In the lines below, find the one that contains "Diamond Dancers Multipurpose" and write it out exactly, along with every line that follows it.

####################

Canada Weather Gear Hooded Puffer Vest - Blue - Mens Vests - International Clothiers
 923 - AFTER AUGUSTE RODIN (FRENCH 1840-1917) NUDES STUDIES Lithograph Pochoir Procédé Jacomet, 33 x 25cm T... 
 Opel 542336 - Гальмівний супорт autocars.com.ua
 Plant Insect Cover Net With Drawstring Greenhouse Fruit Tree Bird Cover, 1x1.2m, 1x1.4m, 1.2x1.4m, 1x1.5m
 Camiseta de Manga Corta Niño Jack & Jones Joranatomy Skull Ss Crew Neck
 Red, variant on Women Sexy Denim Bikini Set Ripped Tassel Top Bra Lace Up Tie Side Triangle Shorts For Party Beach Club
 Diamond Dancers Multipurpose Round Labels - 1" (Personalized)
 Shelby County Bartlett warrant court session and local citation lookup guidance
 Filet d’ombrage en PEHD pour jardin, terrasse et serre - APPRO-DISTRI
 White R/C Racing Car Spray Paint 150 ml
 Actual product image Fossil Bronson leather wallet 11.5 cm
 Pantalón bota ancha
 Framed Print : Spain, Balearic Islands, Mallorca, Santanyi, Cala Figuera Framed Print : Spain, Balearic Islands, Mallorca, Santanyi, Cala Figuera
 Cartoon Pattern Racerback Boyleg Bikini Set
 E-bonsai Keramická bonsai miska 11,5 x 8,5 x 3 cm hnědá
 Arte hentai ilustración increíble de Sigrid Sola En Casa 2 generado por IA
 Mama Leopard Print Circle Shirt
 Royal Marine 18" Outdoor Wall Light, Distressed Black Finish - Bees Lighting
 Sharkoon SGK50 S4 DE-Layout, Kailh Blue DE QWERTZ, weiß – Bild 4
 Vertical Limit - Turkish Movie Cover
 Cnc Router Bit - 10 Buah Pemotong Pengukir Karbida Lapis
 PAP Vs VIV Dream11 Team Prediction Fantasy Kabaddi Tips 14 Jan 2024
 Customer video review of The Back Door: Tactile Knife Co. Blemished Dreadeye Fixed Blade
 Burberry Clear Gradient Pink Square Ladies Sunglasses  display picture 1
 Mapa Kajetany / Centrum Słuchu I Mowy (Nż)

####################

• **Result below**
 Diamond Dancers Multipurpose Round Labels - 1" (Personalized)
 Shelby County Bartlett warrant court session and local citation lookup guidance
 Filet d’ombrage en PEHD pour jardin, terrasse et serre - APPRO-DISTRI
 White R/C Racing Car Spray Paint 150 ml
 Actual product image Fossil Bronson leather wallet 11.5 cm
 Pantalón bota ancha
 Framed Print : Spain, Balearic Islands, Mallorca, Santanyi, Cala Figuera Framed Print : Spain, Balearic Islands, Mallorca, Santanyi, Cala Figuera
 Cartoon Pattern Racerback Boyleg Bikini Set
 E-bonsai Keramická bonsai miska 11,5 x 8,5 x 3 cm hnědá
 Arte hentai ilustración increíble de Sigrid Sola En Casa 2 generado por IA
 Mama Leopard Print Circle Shirt
 Royal Marine 18" Outdoor Wall Light, Distressed Black Finish - Bees Lighting
 Sharkoon SGK50 S4 DE-Layout, Kailh Blue DE QWERTZ, weiß – Bild 4
 Vertical Limit - Turkish Movie Cover
 Cnc Router Bit - 10 Buah Pemotong Pengukir Karbida Lapis
 PAP Vs VIV Dream11 Team Prediction Fantasy Kabaddi Tips 14 Jan 2024
 Customer video review of The Back Door: Tactile Knife Co. Blemished Dreadeye Fixed Blade
 Burberry Clear Gradient Pink Square Ladies Sunglasses  display picture 1
 Mapa Kajetany / Centrum Słuchu I Mowy (Nż)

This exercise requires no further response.